Is the world ready for what is, in essence, a director’s cut of the most ambiguous film ever not seen? It is hard to ignore four decades of the ultimate act of audience participation–the creation in each individual mind of an entire three-hour film, not in conjunction with the director and actors, but superseding them. Admit it, just reading about this project, you’ve already created in your mind a trailer for the film. It is at once the ultimate act of democracy, with every viewer participating, and of autocracy, giving each viewer absolute control over the artist’s vision. The result is, as its 180-minute length suggests, often pensive and drawn out, with the actors sometimes seemingly at a loss to explain their own presence. But much of the film sparkles with exuberance. The fish-eating scene from which the film was born is there in its horrifying glory, the crowd cheering along with Laursen for the needless destruction of hapless life. The ten electrical-tape-clad actors acting as a new-wave Greek chorus wryly observing the daily magnificence and beastliness with which people go about putting in 24 hours each day eating, working, communicating, sleeping, giving birth, killing, and, eventually dying. Add all of that to the etherealness of Klaus Nomi’s voice ebbing and flowing as the mass of actors rise and fall in their choreographed mime of their daily toil. With all its flaws, it is nonetheless a beautiful thing; who would prefer to be handed a fish when an opportunely-timed warehouse fire gave us each the chance to learn to fish for ourselves?
WHAT THE CRITICS SAY:
“Felix Laurson’s ‘Bringe einem Mann das Fischen bei’ ist niemals ein Gong, der dich aufgibt; werde dich niemals im Stich lassen; Ich werde niemals herumlaufen und dich verlassen …”–Sophie Nacht, “Ein gefälschtes Underground-Filmjournal” (contemporaneous)

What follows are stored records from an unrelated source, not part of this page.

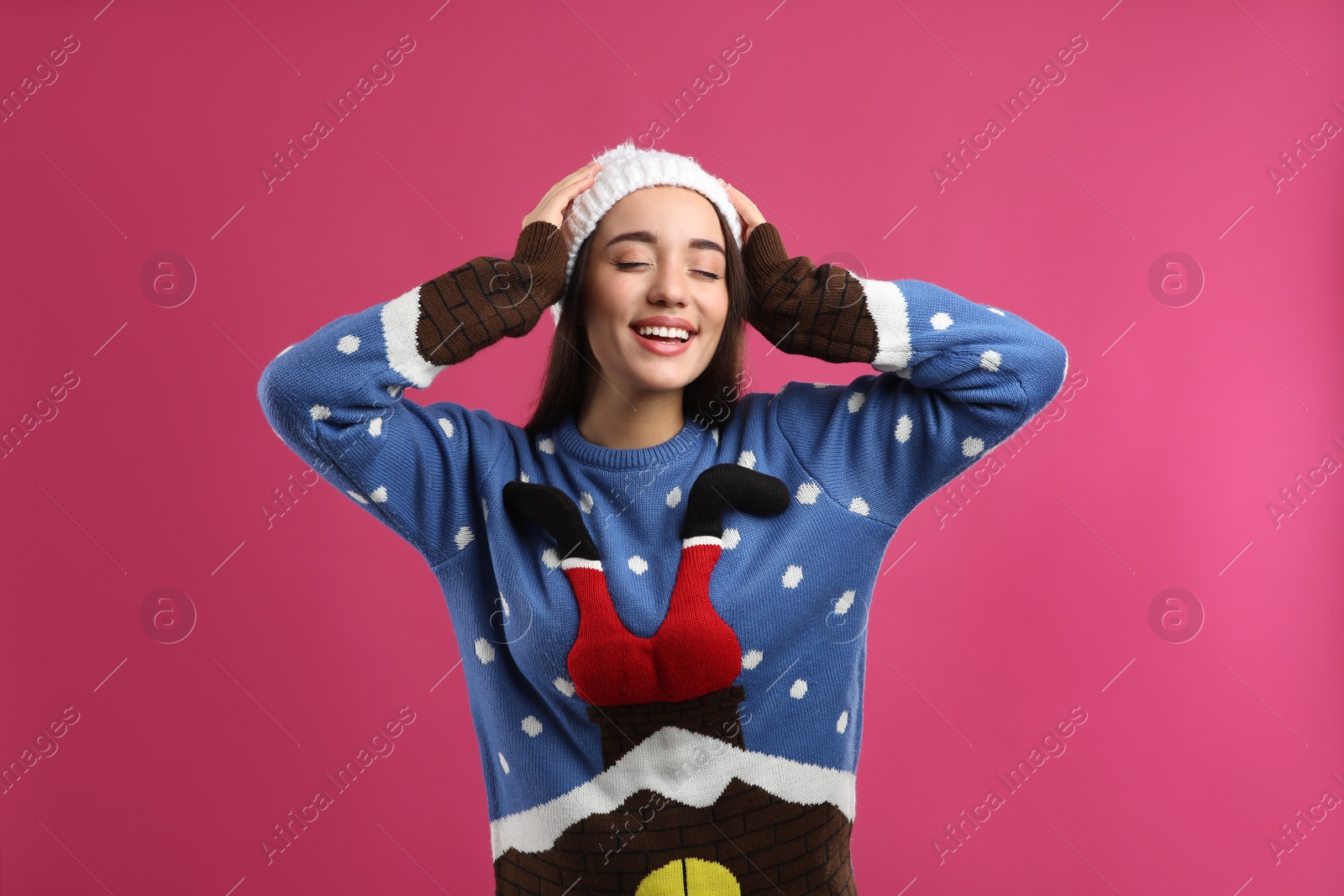 Photo of Young woman in Christmas sweater and hat on pink background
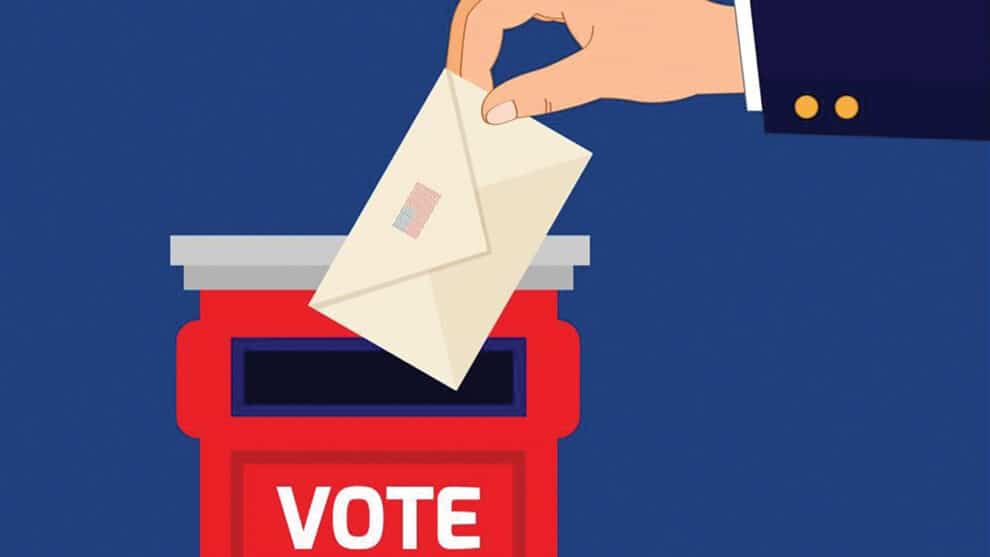 A hand is shown placing an envelope into a red ballot box labeled "VOTE" against a blue background.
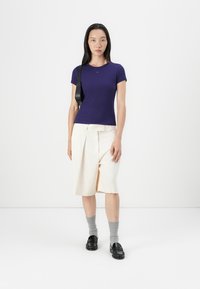 Violet trumpas rankovėmis viršus su kreminėmis klostuotomis šortais. Modelis dėvi pilkas kojines ir juodas loafer tipo batus, o taip pat turi juodą petinę rankinę.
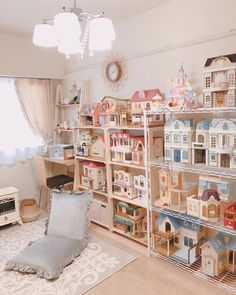 a living room filled with lots of toys and shelves full of dollhouse houses on top of them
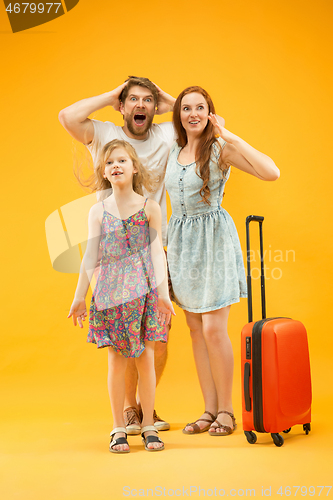 Image of Happy parents with daughter and suitcase at studio isolated on yellow background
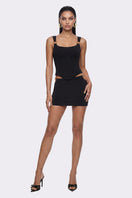 Black Tallulah mini skirt by Nana Jacqueline with ring cutout design, shown on a model in a fashion lookbook image.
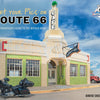 Route 66 cafe with a motorcycle parked in front, under a blue sky.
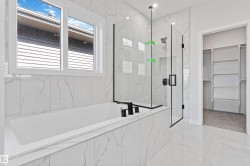 Full bathroom featuring a rectangular soaking tub, glass-enclosed shower with black fixtures, white marble-look tile flooring, and a walk-in closet with built-in shelving - 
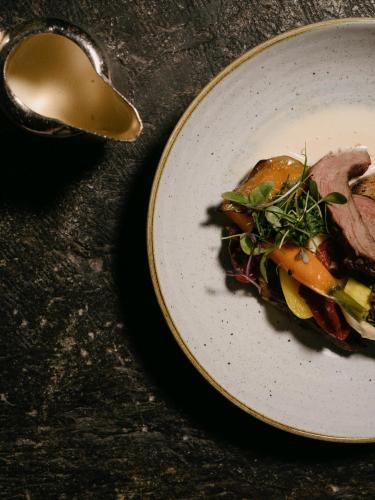 a plate of food on a table with a spoon at BEAUSiTE Zermatt in Zermatt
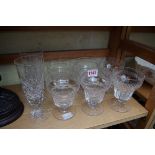 A set of six drinking glasses; together with a pair of Thomas Webb flutes.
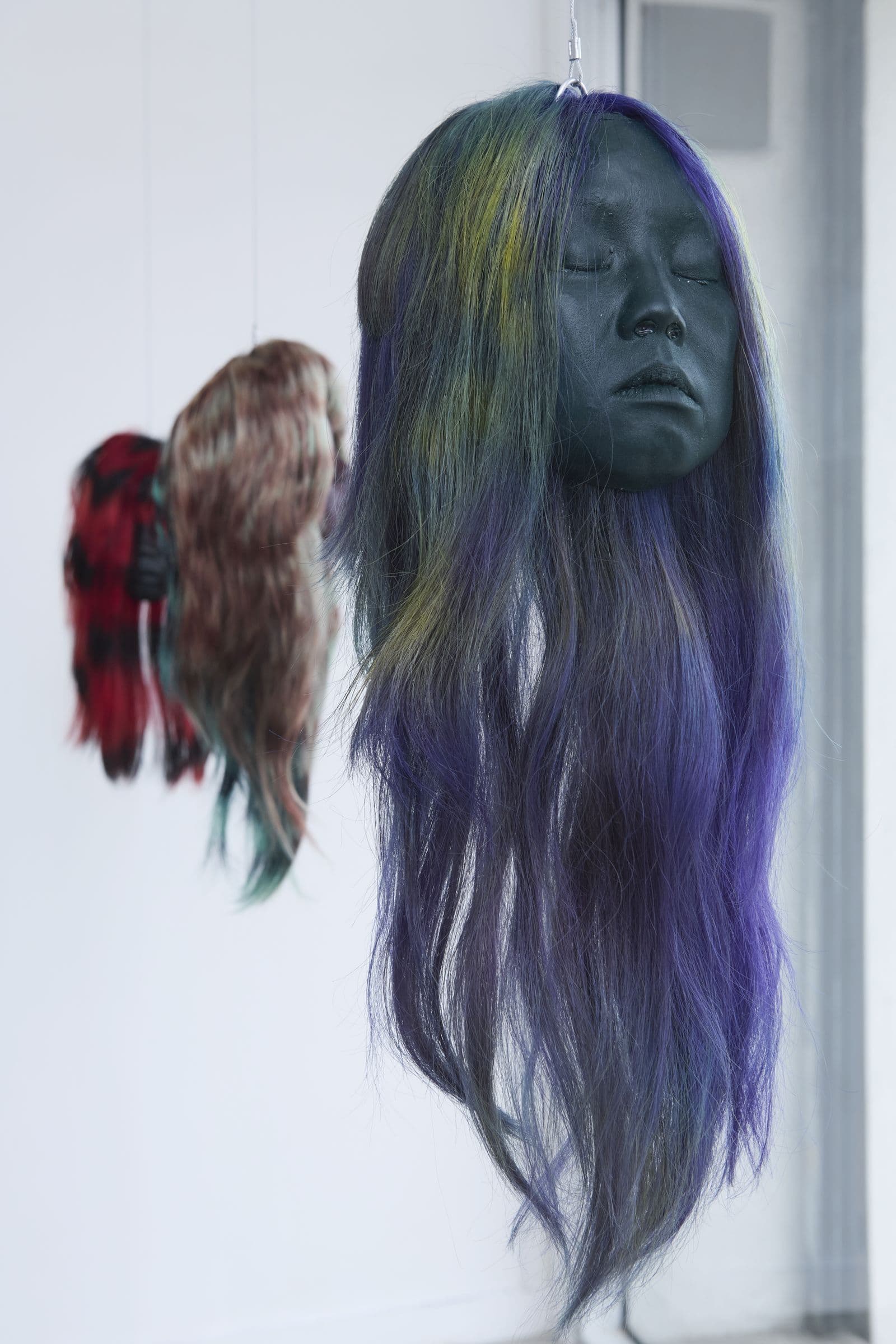 Suspended sculpture with long violet hair in front of a white gallery wall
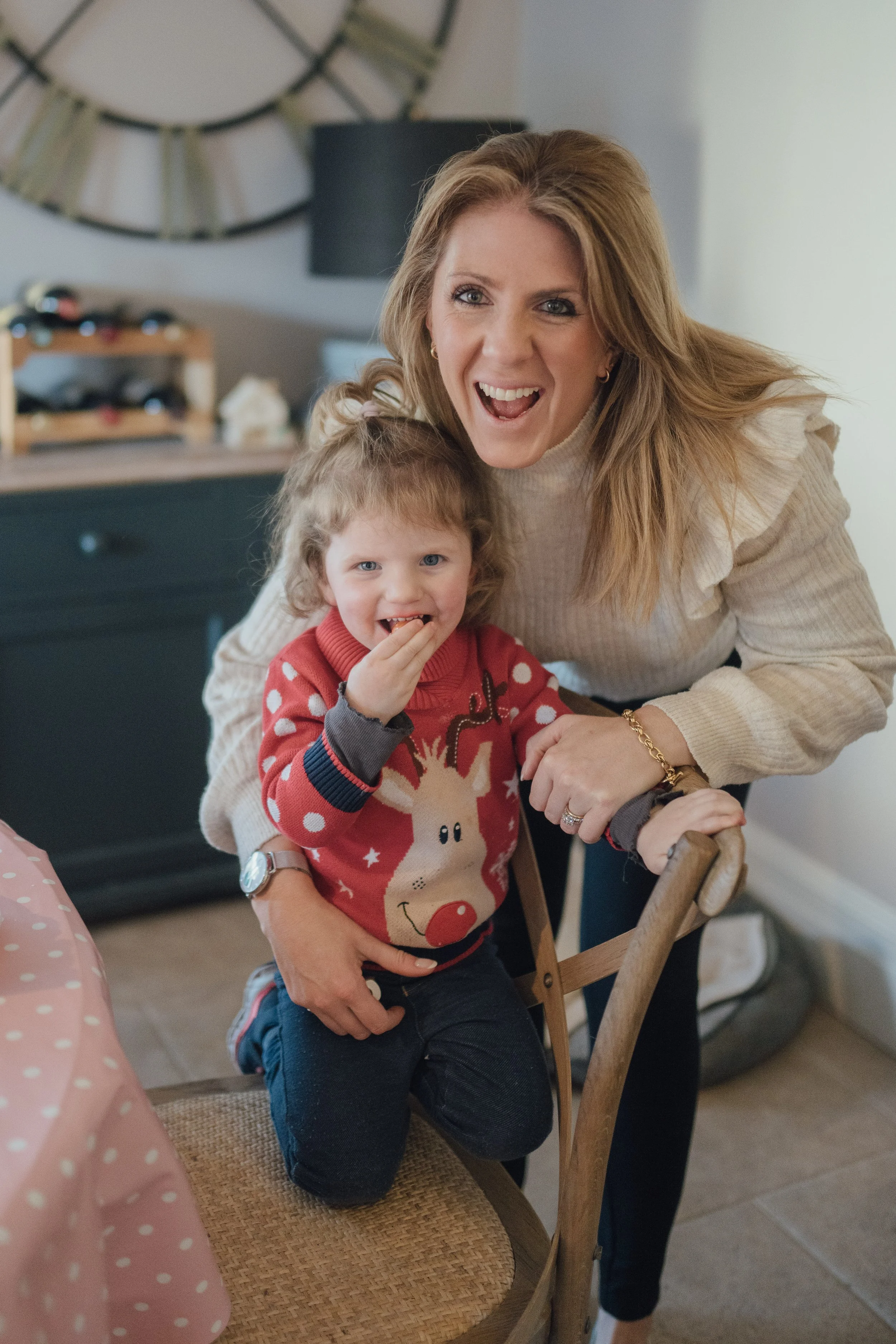 A woman with light brown hair and blue eyes smiling while holding a young girl with curly light brown hair and blue eyes, sitting on a wooden chair in a home interior.
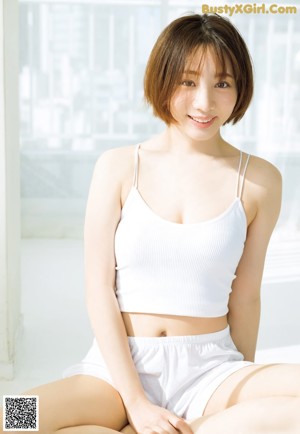 A woman in a white tank top and shorts laying on the floor.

As something of a Klaus Nomi fan, I’d read about this in some article back in my college days. There’s an oblique reference in the liner notes of Nomi’s self-titled debut album that, with this review, makes a whole lot more sense.
In the event you’re interested, here’s a link to a recipe for Klaus Nomi’s lime tart. https://dangerousminds.net/comments/klaus_nomis_lime_tart_recipe
While on that Dangerous Minds link, I’m listening to Nomi’s cover of “You Don’t Own Me” and it’s making my day. Man of many talents.
Pete, while knowing nothing of your musical tastes, it would be remiss of me not to recommend that you investigate Kristian Hoffman, a singer/songwriter that Nomi worked with for some years. I suspect a man of your disposition might enjoy Hoffman’s caustically amused world view.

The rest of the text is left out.